- TASK PROMPT
From the listing below, output only the lines starting at the line that has "pasta with cheese in a white plate" and ending at the line that has "composite deck project", exactly as they appear, ends included.

- AVAILABLE RECORDS

********************

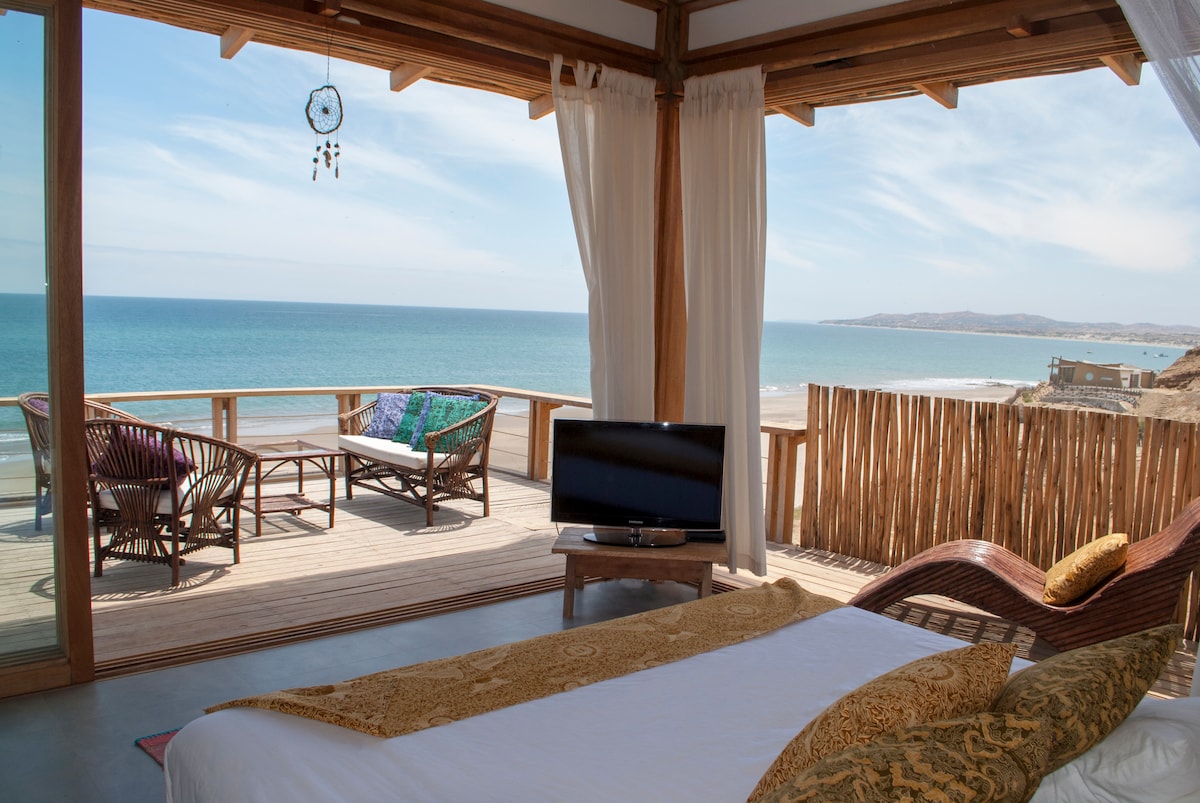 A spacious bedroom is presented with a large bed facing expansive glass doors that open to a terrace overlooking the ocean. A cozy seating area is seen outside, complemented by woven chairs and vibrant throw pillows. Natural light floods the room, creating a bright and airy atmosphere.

********************

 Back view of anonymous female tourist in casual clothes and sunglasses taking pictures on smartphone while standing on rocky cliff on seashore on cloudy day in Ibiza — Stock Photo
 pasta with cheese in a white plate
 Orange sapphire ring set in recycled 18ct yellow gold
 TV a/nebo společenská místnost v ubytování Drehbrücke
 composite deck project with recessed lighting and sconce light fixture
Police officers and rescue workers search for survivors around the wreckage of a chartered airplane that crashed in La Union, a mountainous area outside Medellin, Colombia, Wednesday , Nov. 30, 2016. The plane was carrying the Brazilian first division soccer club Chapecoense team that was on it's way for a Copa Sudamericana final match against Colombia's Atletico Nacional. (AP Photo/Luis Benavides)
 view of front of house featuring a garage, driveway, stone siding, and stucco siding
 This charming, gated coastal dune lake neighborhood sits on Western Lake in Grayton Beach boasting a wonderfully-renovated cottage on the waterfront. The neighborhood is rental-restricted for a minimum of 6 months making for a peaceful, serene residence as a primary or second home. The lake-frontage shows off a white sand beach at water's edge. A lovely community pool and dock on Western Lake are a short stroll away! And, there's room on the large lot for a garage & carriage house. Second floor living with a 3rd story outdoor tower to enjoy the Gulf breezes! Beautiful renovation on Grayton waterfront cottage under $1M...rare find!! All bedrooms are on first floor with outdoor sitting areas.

********************

- RESULT OF THIS TASK
 pasta with cheese in a white plate
 Orange sapphire ring set in recycled 18ct yellow gold
 TV a/nebo společenská místnost v ubytování Drehbrücke
 composite deck project with recessed lighting and sconce light fixture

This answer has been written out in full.